Some of these casual people picked up at least a PHB intending to play, even if some never showed up again.  Maybe they went on to start home games...who knows?  But a number of them would likely never have played D&D at all if they had to make a dedication to a play group.

Meanwhile, it opened opportunities for more play for the people who were heavily invested in it.  If you have a level 13 character that you've leveled from level 1 in OP, you want to play it.  As much as possible.  Most D&D play groups only meet once a week or once every second week for a couple hours at a time.  At our height, we were playing 4-5 adventures a week, each was 4 hours long.  When you play a game that much, you're more willing to spend money on it(just look at the Free to Play video games that exist these days, they make lots and lots of money simply because players are so invested in the game).  Plus, the OP games allowed almost every option in every book, so they had the assurance that they could use material in any book they bought.


----------



## Ahnehnois (Aug 6, 2013)

Umbran said:


> It will not tell you about people who kept their mouths scrupulously quiet, but if you had a horrible game, and failed to give feedback, well, that's your own fault, now isn't it?

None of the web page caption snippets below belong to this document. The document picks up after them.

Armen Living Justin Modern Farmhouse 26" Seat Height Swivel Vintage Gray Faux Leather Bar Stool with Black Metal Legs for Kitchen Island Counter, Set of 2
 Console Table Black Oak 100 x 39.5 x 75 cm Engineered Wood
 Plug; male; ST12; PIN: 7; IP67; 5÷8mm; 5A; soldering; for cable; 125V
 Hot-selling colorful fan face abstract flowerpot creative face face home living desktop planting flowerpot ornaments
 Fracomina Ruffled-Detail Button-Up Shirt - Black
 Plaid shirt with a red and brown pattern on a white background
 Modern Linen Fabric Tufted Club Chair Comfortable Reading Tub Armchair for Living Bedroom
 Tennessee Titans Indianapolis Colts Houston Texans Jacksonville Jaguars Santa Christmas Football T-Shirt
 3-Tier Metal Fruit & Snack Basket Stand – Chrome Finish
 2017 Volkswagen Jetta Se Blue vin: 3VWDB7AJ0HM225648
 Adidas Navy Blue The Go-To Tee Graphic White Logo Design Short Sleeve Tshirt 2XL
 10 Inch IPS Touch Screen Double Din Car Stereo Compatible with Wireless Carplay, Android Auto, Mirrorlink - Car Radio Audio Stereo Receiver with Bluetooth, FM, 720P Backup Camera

People aren't that simple. Sometimes they tell you what they think you want to hear. Sometimes they lie. Sometimes they're limited by their knowledge. Getting feedback is hard. Getting honest feedback is really hard. Getting honest and informed feedback is really really hard.

More to the point, if your business is built on getting people to buy products and play at home, information about what happens in an organized play setting is not really relevant.



> Yeah.  So, my opinion that we should not base business decisions on personal preferences fits right in, now doesn't it?



It does. It just strikes me as naive. Research is not some all-seeing objective lens through which we view the world. The vision of the people in charge decides what research will be done and how, and it's then for them to decide how they'll interpret and use that information. There's no such thing as an opinion-free business model, for better or for worse.



> Bit of apples and oranges there - reality shows and fast food are available all over the place, from many vendors.  Taking away one venue of such isn't going to significantly impact access to the genre.  The same is not currently true of organized D&D play.



But, as I've noted, unlike those items, D&D is freely available to everyone. If someone really likes an organized play campaign, they can set one up themselves and perhaps disseminate it widely, and it'll succeed or fail on its own merits without the company making any input into it whatsoever. Which leaves the company to focus all its time and energy on the game itself and make it better. Everybody wins.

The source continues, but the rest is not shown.